In pratica 91.370 veneziani d’acqua e 177.471 di terraferma. E questi più o meno sarebbero i numeri dei due nuovi Comuni in caso di vittoria del “sì”. Un dato che farebbe precipitare Venezia al quarto posto tra i comuni veneti capoluogo di provincia, dopo Verona, Padova e Vicenza. Mestre al contrario diventerebbe il terzo comune più popoloso della regione, il primo tra i non capoluogo di provincia.

La proposta di legge popolare per la suddivisione amministrativa del Comune è stata depositata in regione corredata di 9 mila firme di cittadini il 25 marzo 2013. Dopo quattro anni il Consiglio regionale ha votato in aula la “meritevolezza” del quesito (con soli due astenuti e un contrario), nel luglio dello stesso anno la delimitazione dei confini. Il Tribunale amministrativo regionale il 18 agosto 2018 aveva ritenuto illegittimo il referendum sostenendo, tra le altre cose, che un capoluogo regionale deve avere un peso demografico congruo. Sentenza ribaltata dall’organo di secondo grado della giustizia amministrativa, il Consiglio di Stato, che il 18 settembre 2019 ha invece dato il via libera, argomentando che invece la «la valutazione di opportunità» del distacco appartiene «alla responsabilità delle competenti istanze politiche e normative» e non può essere svolta dal giudice, il quale deve lasciare «le scelte politiche ai soggetti politicamente responsabili, incluse le popolazioni interessate».

I PRECEDENTI

Questo sarà il quinto referendum sulla separazione. I precedenti quattro hanno sempre visto la vittoria dei “no” alla  separazione. 

INSERT TIMELINE

Il primo si è tenuto nel 1979, durante la giunta di sinistra (sindaco Mario Rigo), con 72,3 per cento per l’unione contro il 27,6 per la separazione.

Il secondo nel 1989, con la giunta rossoverde di Antonio Casellati schierata per il “no”. Altra vittoria degli unionisti: 57,8 contro 42,2.
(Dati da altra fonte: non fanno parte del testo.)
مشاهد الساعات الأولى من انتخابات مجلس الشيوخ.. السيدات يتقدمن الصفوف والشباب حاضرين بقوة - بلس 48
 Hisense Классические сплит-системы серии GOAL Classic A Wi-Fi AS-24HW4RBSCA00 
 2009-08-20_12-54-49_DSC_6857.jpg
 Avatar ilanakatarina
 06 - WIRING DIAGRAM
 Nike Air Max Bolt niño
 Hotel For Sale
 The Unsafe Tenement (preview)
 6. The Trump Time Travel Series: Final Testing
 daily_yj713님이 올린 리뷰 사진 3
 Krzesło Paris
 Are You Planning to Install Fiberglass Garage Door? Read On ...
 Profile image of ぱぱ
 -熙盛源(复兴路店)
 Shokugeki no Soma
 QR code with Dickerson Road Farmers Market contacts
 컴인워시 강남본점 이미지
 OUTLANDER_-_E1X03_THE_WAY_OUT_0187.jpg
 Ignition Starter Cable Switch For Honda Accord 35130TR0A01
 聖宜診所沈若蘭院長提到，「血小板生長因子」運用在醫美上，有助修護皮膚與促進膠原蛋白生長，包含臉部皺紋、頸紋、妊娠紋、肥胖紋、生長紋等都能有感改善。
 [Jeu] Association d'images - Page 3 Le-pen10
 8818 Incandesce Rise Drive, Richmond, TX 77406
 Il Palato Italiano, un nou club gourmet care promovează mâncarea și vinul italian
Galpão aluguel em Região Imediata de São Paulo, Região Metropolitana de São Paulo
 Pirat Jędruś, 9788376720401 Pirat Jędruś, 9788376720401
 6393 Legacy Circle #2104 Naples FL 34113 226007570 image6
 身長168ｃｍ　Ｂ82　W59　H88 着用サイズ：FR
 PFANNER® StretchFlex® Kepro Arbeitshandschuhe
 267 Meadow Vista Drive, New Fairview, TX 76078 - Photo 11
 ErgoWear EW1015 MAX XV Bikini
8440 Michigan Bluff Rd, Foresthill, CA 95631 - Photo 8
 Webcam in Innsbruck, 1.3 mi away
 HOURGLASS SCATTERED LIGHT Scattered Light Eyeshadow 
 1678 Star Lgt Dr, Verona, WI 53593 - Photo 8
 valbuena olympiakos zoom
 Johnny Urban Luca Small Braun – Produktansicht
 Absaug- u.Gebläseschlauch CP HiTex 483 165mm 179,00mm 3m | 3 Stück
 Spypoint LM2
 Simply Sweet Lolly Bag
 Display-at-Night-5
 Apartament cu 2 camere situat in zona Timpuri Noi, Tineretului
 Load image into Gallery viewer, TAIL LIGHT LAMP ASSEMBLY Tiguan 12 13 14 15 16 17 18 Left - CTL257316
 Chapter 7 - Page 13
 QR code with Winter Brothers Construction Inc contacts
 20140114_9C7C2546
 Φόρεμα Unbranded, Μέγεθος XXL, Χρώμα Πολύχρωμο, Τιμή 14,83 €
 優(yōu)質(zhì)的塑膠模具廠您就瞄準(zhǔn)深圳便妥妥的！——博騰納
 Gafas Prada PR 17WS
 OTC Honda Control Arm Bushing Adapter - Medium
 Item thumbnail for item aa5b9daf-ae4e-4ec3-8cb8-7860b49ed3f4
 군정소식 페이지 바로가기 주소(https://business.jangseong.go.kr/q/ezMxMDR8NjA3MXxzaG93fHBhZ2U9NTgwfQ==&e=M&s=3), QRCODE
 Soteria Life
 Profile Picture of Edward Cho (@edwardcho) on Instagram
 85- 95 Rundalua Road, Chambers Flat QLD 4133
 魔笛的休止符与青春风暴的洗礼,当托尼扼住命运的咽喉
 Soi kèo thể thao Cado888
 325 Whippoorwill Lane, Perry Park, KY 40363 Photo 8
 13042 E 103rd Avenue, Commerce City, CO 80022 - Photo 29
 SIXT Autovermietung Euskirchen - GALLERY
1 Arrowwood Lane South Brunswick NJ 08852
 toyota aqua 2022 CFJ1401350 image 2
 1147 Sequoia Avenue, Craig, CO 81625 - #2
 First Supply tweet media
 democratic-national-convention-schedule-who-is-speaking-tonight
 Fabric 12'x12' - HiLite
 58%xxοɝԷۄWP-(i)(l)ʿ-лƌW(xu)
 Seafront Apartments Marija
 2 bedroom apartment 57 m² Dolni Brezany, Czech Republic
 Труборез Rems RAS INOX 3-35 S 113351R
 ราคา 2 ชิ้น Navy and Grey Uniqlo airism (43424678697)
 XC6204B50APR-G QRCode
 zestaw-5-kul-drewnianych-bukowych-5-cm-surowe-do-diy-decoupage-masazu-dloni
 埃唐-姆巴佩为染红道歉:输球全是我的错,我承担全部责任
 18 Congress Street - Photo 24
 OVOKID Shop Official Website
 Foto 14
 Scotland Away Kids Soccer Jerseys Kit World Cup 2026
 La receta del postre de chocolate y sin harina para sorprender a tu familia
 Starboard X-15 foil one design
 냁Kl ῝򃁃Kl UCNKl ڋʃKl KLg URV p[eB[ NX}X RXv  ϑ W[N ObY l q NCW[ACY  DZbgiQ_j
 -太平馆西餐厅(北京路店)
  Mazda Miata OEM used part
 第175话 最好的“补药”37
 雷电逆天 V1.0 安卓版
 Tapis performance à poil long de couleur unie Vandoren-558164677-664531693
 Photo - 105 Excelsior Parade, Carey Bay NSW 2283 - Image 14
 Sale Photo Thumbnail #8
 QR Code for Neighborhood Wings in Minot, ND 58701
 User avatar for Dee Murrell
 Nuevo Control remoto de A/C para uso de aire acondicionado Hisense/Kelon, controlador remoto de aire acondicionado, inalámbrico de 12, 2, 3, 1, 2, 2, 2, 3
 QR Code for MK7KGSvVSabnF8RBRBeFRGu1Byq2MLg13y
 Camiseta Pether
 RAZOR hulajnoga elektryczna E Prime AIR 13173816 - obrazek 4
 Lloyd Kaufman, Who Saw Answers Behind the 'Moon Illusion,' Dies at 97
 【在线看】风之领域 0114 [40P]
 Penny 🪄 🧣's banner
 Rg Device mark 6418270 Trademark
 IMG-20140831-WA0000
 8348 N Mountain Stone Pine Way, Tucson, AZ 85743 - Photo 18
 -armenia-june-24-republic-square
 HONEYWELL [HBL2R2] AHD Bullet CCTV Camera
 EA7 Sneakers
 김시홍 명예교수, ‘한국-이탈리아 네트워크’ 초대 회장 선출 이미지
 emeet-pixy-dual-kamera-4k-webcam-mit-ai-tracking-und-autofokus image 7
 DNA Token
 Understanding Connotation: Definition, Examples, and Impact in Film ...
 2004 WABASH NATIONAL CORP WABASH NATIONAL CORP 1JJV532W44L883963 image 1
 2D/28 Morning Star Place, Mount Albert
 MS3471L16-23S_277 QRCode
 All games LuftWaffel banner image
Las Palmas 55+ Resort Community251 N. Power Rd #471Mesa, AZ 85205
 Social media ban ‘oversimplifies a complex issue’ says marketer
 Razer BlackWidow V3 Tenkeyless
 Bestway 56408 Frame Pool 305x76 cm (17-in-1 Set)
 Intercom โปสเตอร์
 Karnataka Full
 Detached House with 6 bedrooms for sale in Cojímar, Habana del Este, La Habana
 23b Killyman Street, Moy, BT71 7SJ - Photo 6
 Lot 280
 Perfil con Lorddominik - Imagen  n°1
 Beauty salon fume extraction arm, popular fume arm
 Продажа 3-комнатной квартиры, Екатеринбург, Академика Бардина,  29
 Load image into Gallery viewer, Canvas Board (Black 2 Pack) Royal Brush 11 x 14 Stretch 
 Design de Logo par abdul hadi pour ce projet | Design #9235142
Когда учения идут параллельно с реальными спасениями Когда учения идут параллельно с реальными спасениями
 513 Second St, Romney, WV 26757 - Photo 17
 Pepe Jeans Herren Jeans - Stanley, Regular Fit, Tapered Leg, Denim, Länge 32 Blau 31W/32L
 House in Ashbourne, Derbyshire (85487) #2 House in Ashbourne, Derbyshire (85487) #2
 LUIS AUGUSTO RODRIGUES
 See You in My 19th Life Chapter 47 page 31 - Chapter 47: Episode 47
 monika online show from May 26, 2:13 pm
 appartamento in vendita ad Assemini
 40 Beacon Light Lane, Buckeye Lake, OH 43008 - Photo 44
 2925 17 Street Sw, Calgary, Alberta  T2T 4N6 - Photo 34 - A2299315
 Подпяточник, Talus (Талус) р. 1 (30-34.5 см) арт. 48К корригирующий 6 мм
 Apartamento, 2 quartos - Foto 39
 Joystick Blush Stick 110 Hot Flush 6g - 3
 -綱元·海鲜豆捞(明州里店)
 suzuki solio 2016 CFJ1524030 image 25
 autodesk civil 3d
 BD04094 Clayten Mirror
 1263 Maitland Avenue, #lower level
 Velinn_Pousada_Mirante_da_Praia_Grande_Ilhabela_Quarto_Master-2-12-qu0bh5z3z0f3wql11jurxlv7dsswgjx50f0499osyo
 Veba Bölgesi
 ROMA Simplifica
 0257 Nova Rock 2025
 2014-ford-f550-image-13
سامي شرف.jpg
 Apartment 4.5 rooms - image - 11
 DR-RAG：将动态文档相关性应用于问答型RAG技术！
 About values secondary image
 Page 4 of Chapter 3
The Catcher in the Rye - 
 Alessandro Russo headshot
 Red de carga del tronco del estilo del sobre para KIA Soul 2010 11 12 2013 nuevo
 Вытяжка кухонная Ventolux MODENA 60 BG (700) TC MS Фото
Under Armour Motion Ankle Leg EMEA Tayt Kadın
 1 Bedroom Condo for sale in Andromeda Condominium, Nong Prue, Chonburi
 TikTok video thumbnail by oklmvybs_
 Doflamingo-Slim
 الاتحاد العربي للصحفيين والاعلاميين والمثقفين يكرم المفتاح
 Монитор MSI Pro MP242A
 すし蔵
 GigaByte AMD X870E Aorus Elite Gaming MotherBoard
Il terzo venne fatto nel 1994 (giunta Cacciari). I separatisti si avvicinano: 44,4 per cento contro 55,6.

Il quarto nel 2002 (sindaco dell’epoca Paolo Costa) non raggiunge nemmeno il quorum del 50 per cento più uno dei votanti e la consultazione referendaria non viene ritenuta valida.

Il caso Cavallino Treporti. Non è la prima volta che una zona si stacca dal Comune di Venezia. La prima era stata Cavallino Treporti, diventato Comune autonomo dopo il terzo referendum, il 13 dicembre del 1998.Gli altri due erano avvenuti: il primo nel 1979, in occasione del primo referendum per la separazione tra Venezia e Mestre. Bocciato dalla maggioranza dei votanti di tutto il Comune. Il secondo nel 1993. Anche in questo caso votarono tutti i residenti del Comune di Venezia e il risultato fu “no”. Ma nel 1997 il comitato promotore dimostra al Consiglio di Stato che i residenti della zona che proponeva di separarsi erano meno del 10% dell’intero Comune di Venezia, precisamente il 9,98%, quindi il Consiglio ammette il referendum riservato solo ai residenti della zona interessata. Questa volta il risultato è positivo e Cavallino Treporti si stacca.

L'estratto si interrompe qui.